Creating a Bitcoin transaction requires computing one ECDSA signature per UTXO used as transaction input. Canisters can request ECDSA signatures through the threshold ECDSA API that is implemented as part of dedicated chain-key signing subnets. There is one such subnet deployed and, if demand increases, multiple signing subnets may be made available in the future. Figure 1 shows the threshold ECDSA functionality in a simplified manner as part of the Bitcoin-enabled subnet instead of being located on a separate subnet.

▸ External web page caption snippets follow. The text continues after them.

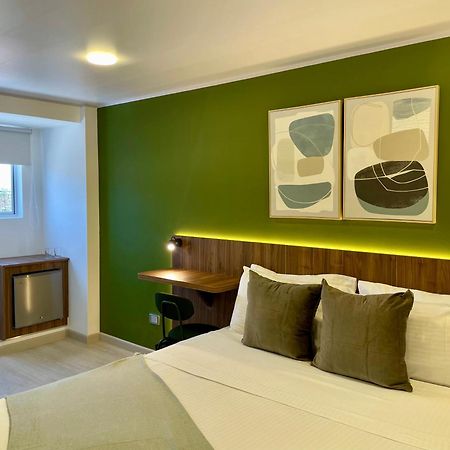 122 Plaza Apartahotel Богота Екстериор снимка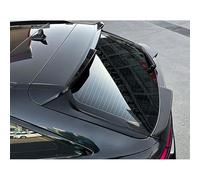 AutoStyle Aileron arrière inférieur compatible avec Audi A6 (C8) Avant 2018-2024 (ABS Noir Luisant)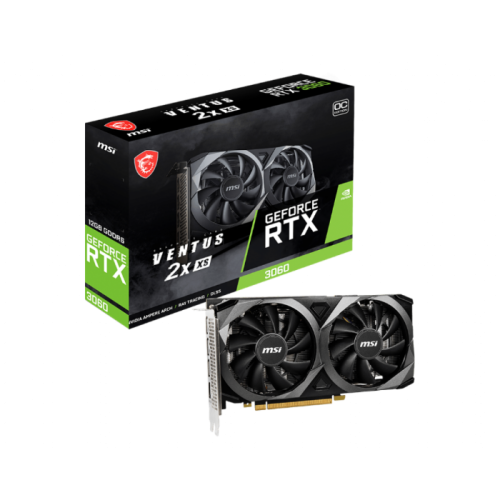 MSI NVIDIA GeForce RTX™ 3060 VENTUS 2X XS 12GB OC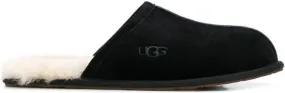 Black Shearling Slippers by UGG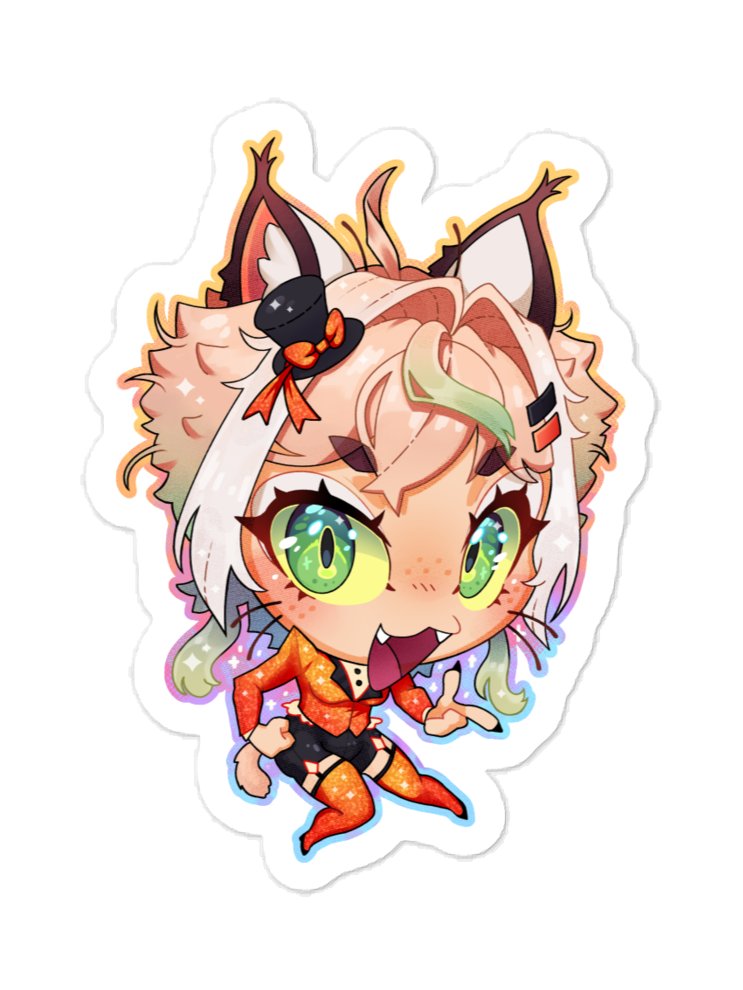 Chibi Celebrator Sneb | Sticker product image (1)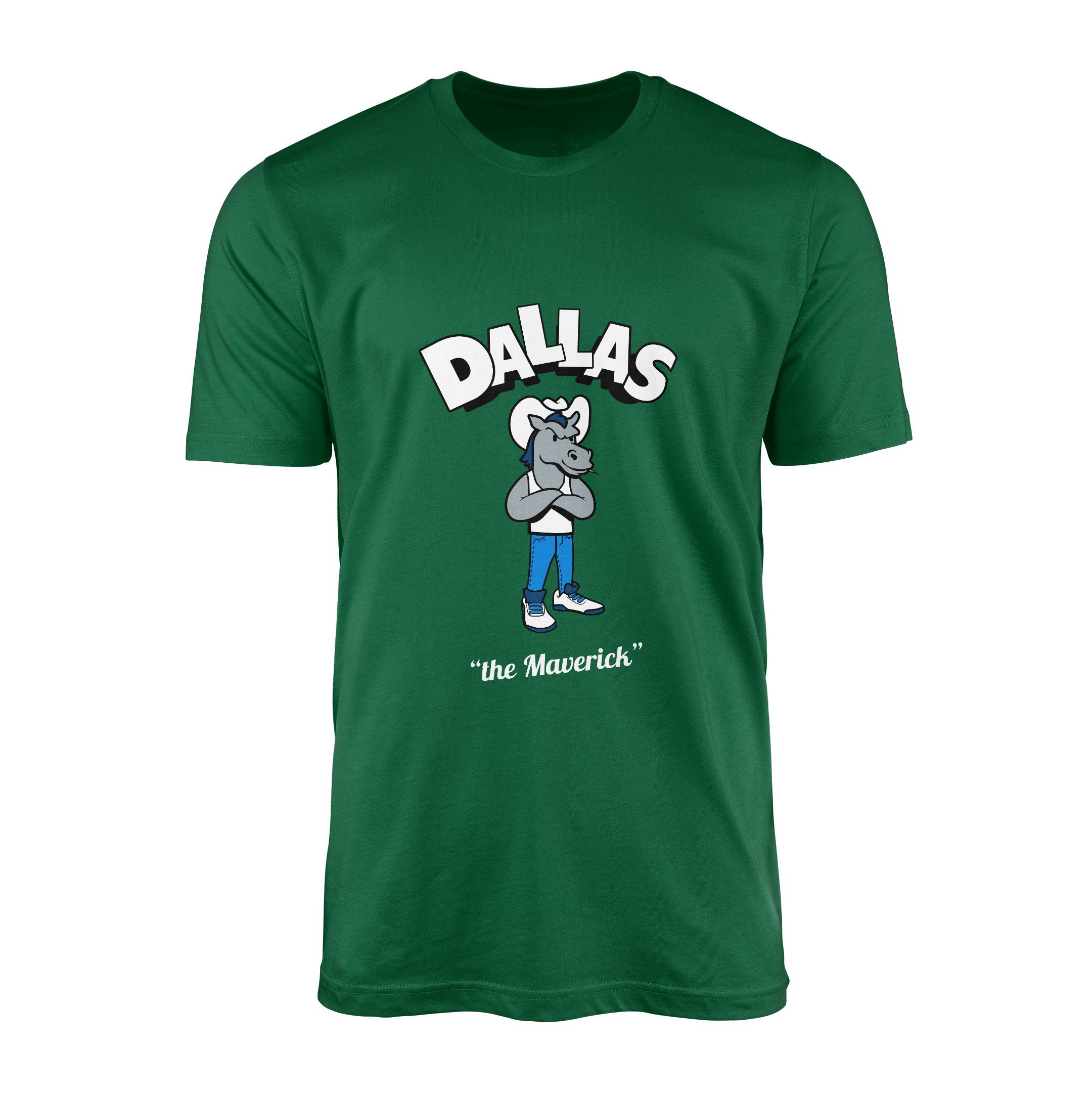 Dallas Cartoon Tişört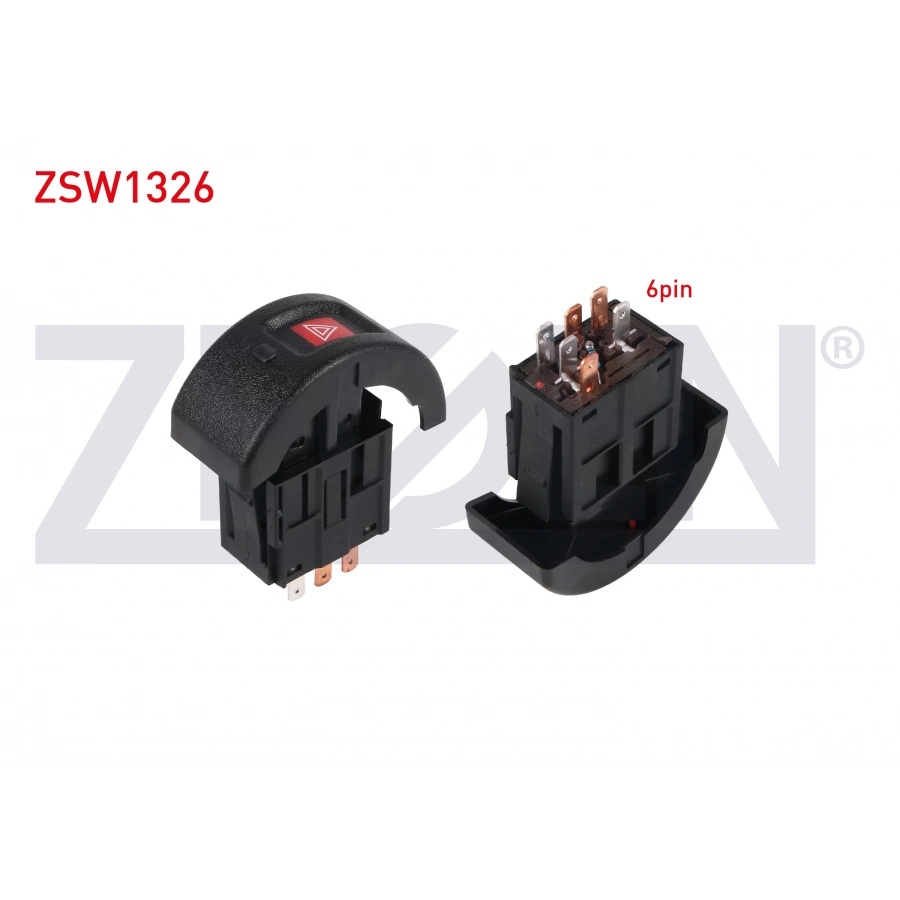 FLASOR ANAHTARI 6 PIN OPEL ASTRA G 1998-2005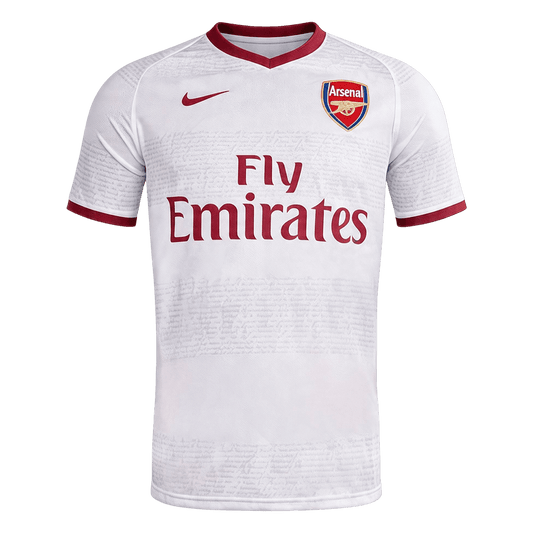 Arsenal 2007/08 Vieras Retro-pelipaita Miesten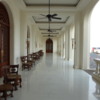 Exterior hallway,  Galle Face Hotel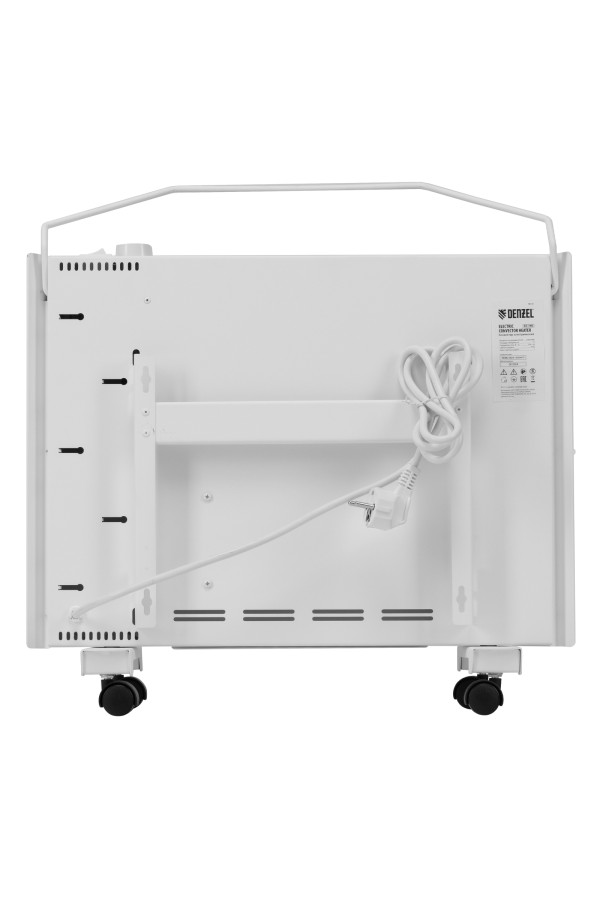 Конвектор электрический XCE-1000, 230 В, 1000 Вт, X-образный нагреватель Denzel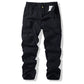 👖🔧 PROMO FLASH 50% ! Pantalon Cargo Tactique Homme – Multi-Poches, Tissu Ripstop Polyester, Ceinture Élastique, 4 Couleurs, Tailles EU 36-52, Idéal Travail & Plein Air 🌿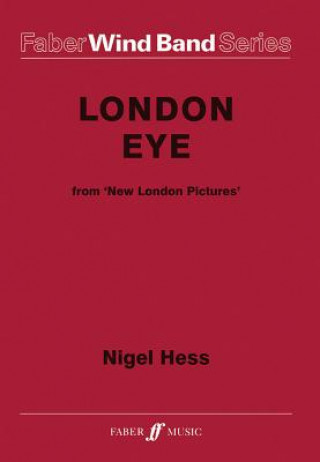 Książka London Eye Nigel Hess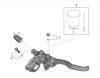 Shimano BL Brake Lever - Bremshebel Spareparts BL-M4100 Bremshebel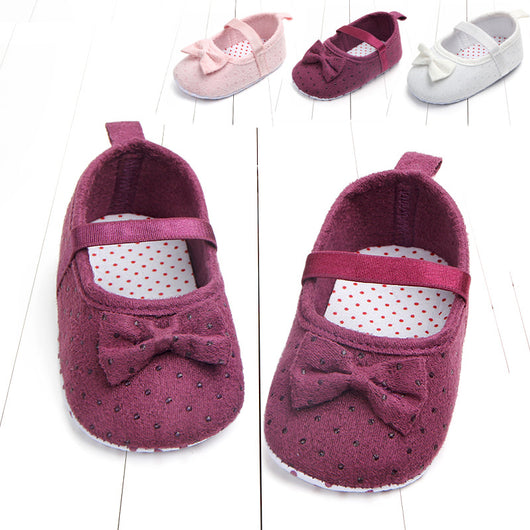 Zapatos Antideslizantes para Bebé Niña con Moño - 0 a 12 Meses - Image 9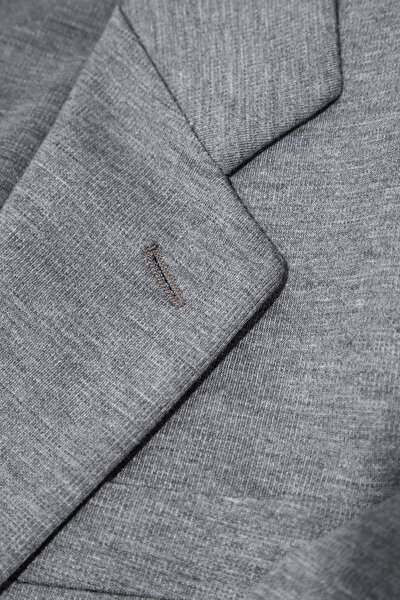GRİ TRİKO CEKET 10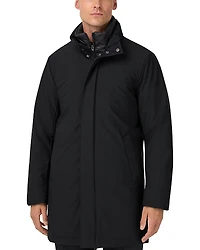 Boggi Milano Padded Removable Bib Car Coat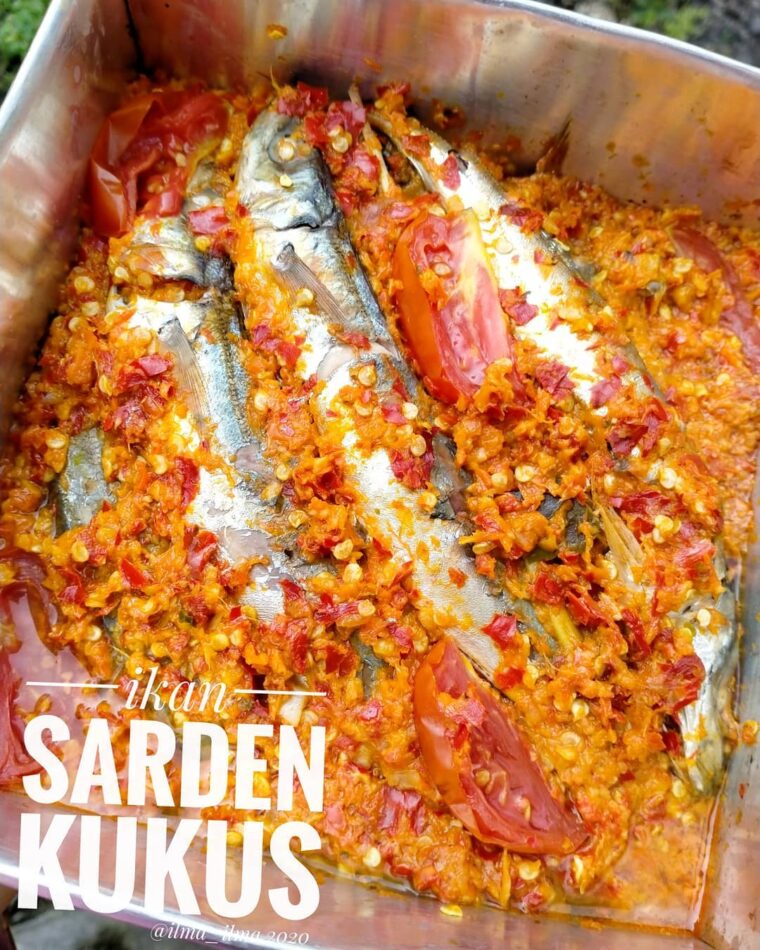 Resep Ikan Sarden Kukus Dari ilma_ilma24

The threshold ECDSA API makes it possible for a canister to request an ECDSA signature computed jointly by the replicas of the ECDSA subnet based on a secret-shared private key.

== Technical Details ==

As described in the previous section, canisters interact with the Bitcoin canister to retrieve information about the Bitcoin state and send transactions. The Bitcoin canister in turn depends on the Bitcoin adapter, which is the component that interacts with the Bitcoin network. In this section, technical details about the individual components are provided, starting bottom-up with the Bitcoin adapter.

=== Bitcoin Adapter ===

The Bitcoin adapter interacts with the Bitcoin network to obtain block headers and blocks, and publish Bitcoin transactions issued by canisters.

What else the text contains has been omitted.